Scraping app store reviews#

In the Washington Post's project, they found a "secret API" that allowed them to download all the App Store reviews of target "random chat apps." We're going to download reviews using the marketing platform Sensor Tower instead. Our target apps will be Chat with Strangers, Yubo, Holla, and Skout.

Their reviews section doesn't have a download button, so we use a Selenium web scraper to download the information instead.

Read online Download notebook Interactive version

from bs4 import BeautifulSoup
import pandas as pd
import time
import numpy as np

from selenium import webdriver
from selenium.webdriver.common.by import By
from selenium.webdriver.support.ui import WebDriverWait
from selenium.webdriver.support import expected_conditions as EC

driver = webdriver.Chrome()
driver.get('https://sensortower.com/ios/US/twelve-app/app/yubo-make-new-friends/1038653883/review-history?selected_tab=reviews')

Select your options and scrape#

After you log in, select the following options to make sure you're only scraping US-based reviews.

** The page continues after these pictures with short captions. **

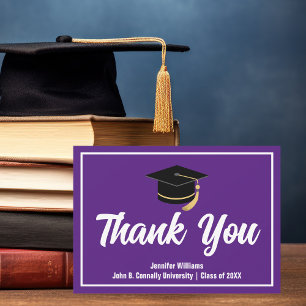 Cartão De Agradecimento Formatura Personalizada Roxo Branco Graduado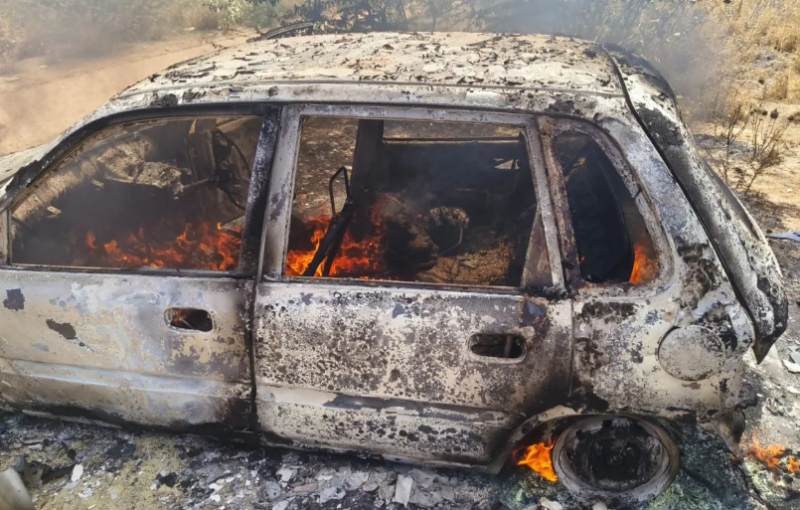 बाड़मेर रोड पर भाण्डू गांव के पास कार में भीषण आग, चालक संदिग्ध हालात में जिंदा जला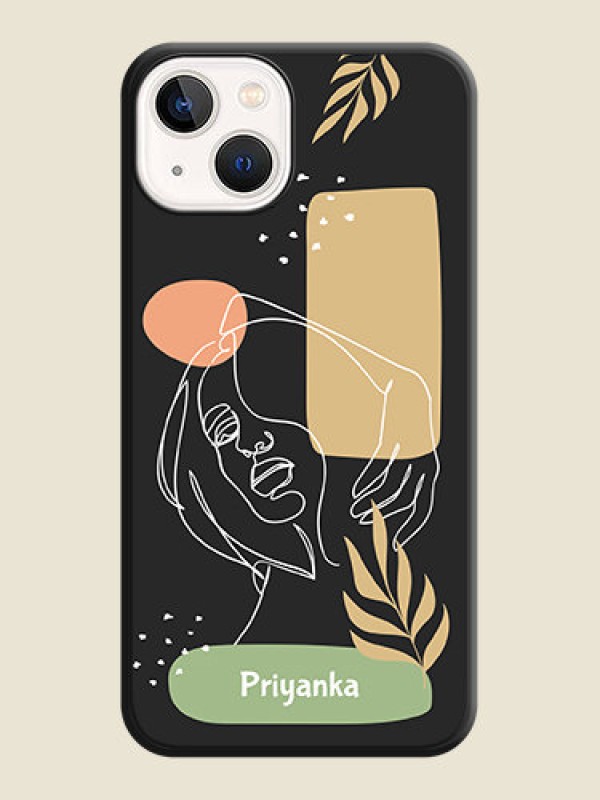 Custom Custom Text With Line Art Of Women & Leaves Design On Space Black Personalized Soft Matte Phone Covers -Apple Iphone 14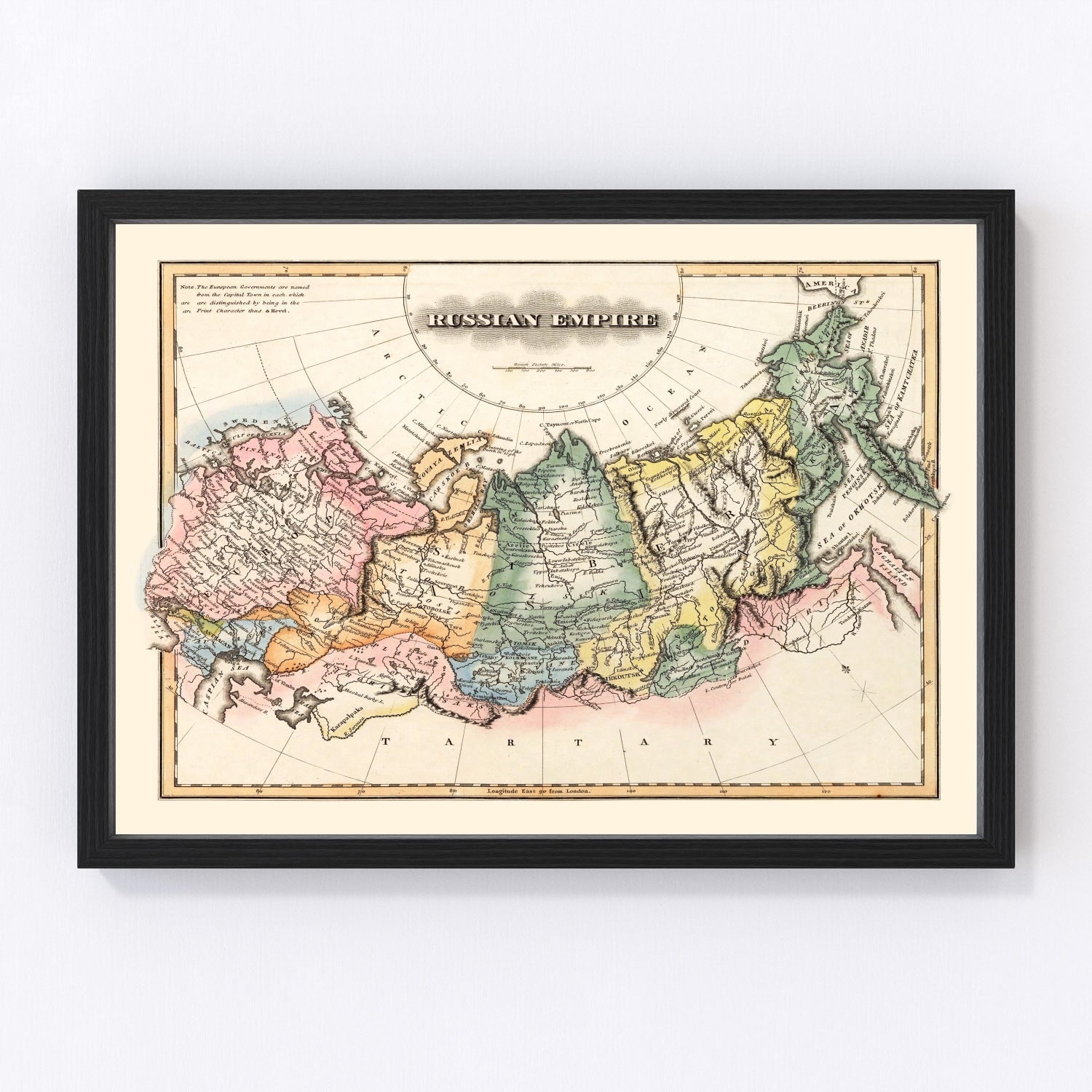 Vintage Map of Russia 1823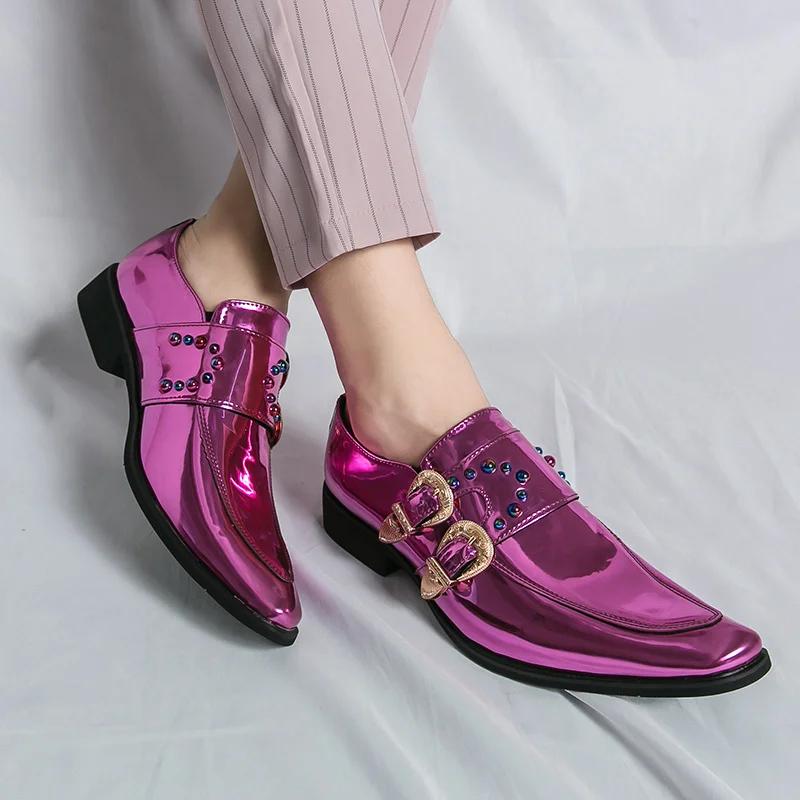 FashionHot Luxury Pink Mens Patent Leather Shoes Designer High Quality Pointed Chelsea Formal Shoes Man Dress Wedding Party Shoes Men
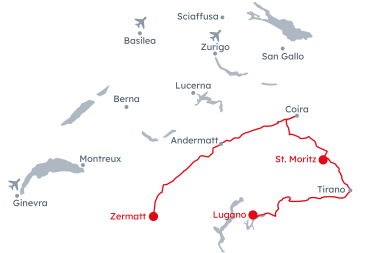 Mappa della Svizzera con l'itinerario Glacier e Bernina Express Classico da Zermatt a St. Moritz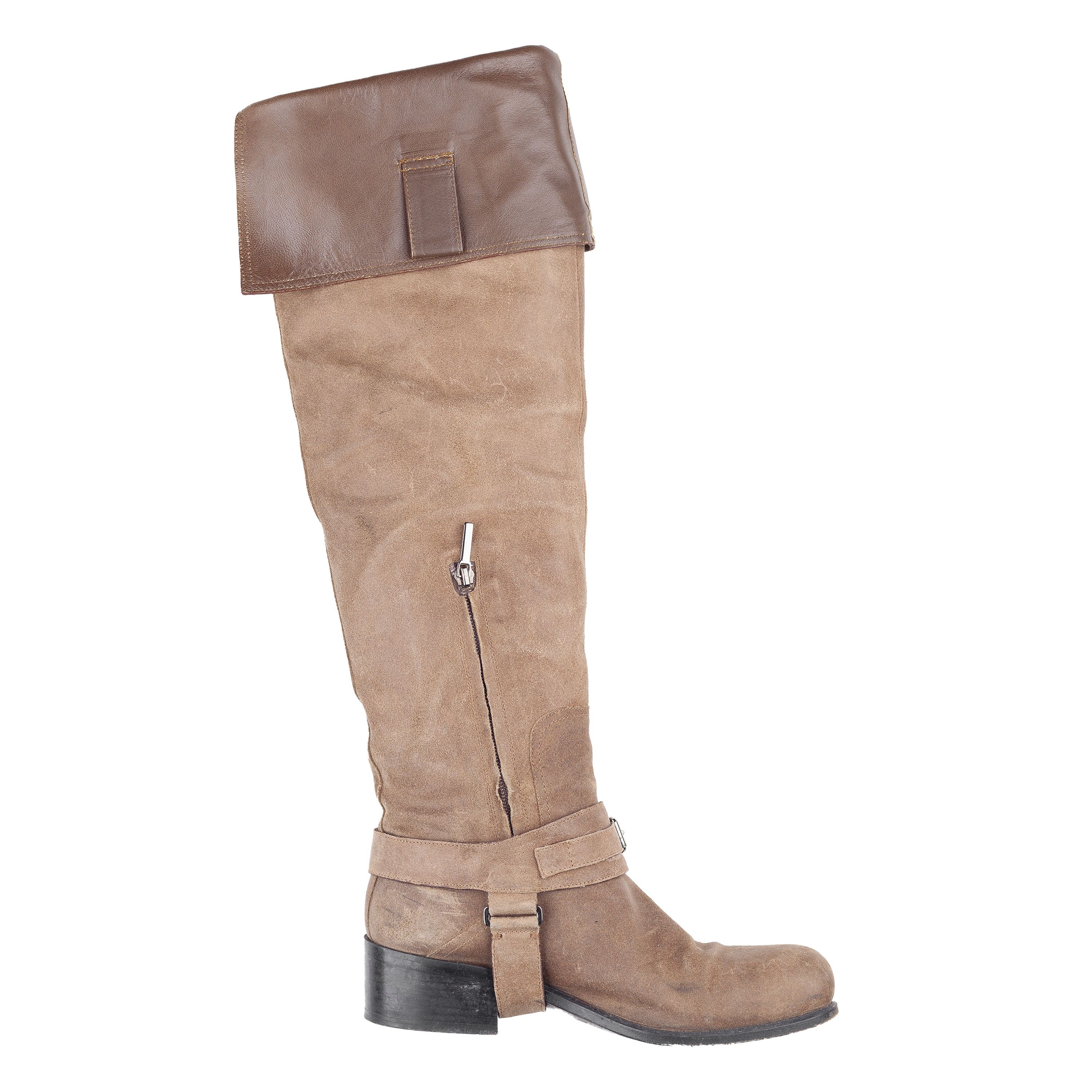 Dior Christian Dior Over The Knee Brown Leather Boots (37,5 EU) Size US 6.5 / IT 36.5 - 4 Thumbnail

This is mostly to make sure we keep everything in English, as we won't be able to manually find racism etc in non-English reviews.

Date: All time
Country: US

def get_page():
    doc = BeautifulSoup(driver.page_source)
    rows = doc.select("tbody tr")

    datapoints = []
    for row in rows:
        cells = row.select("td")
        data = {
            'Country': cells[0].text.strip(),
            'Date': cells[1].text.strip(),
            'Rating': cells[2].select_one('.gold')['style'],
            'Review': cells[3].select_one('.break-wrap-review').text.strip(),
            'Version': cells[4].text.strip()
        }
        datapoints.append(data)
    return datapoints

all_data = []
wait = WebDriverWait(driver, 5, poll_frequency=0.05)
while True:
    wait.until(EC.invisibility_of_element_located((By.CSS_SELECTOR, '.ajax-loading-cover')))

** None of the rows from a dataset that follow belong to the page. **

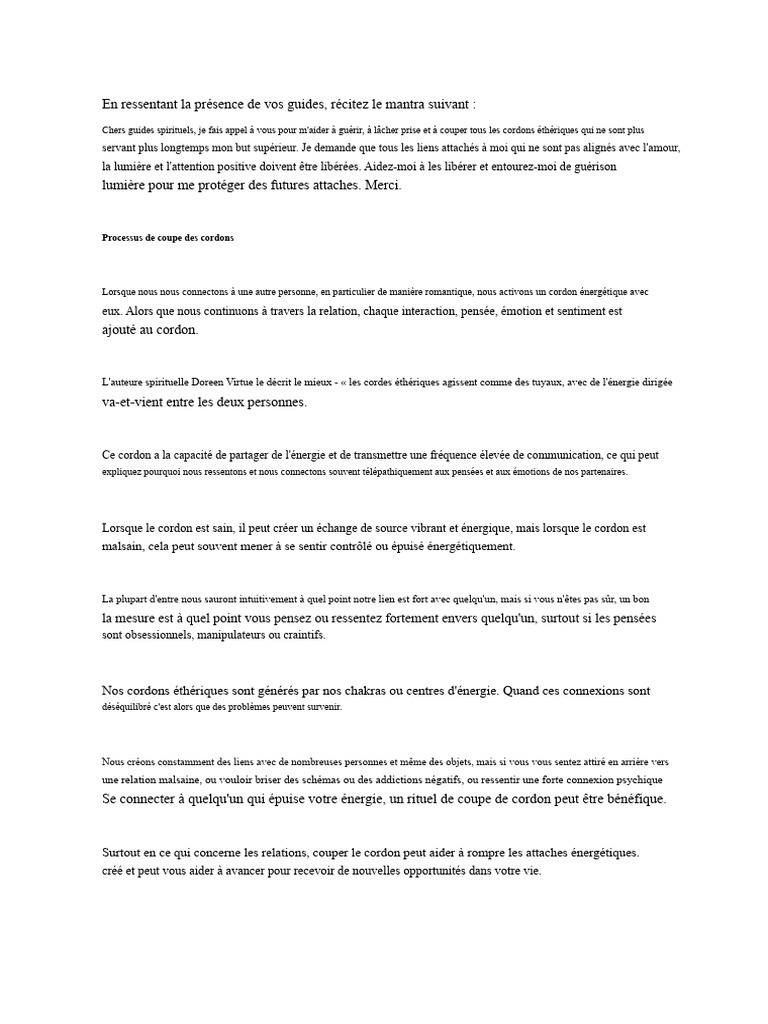Rituel de coupe des cordons éthériques | PDF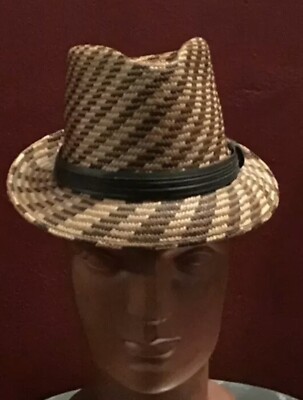 Vintage Makins New York Fedora Men Hat Raffia Beige Black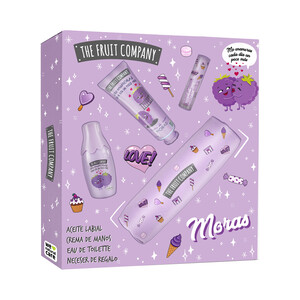 Imagen de THE FRUIT COMPANY Neceser para mujer con colonia, aceite labial y crema de manos, con aroma a moras.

    results = get_page()    
    all_data.extend(results)

    next_button = driver.find_elements_by_css_selector(".btn-group .pagination")[1]
    if next_button.get_attribute('disabled'):
        break
    next_button.click()
    time.sleep(0.5)
    # Doesn't trigger fast enough!
    # wait.until(EC.visibility_of_element_located((By.CSS_SELECTOR, '.ajax-loading-cover')))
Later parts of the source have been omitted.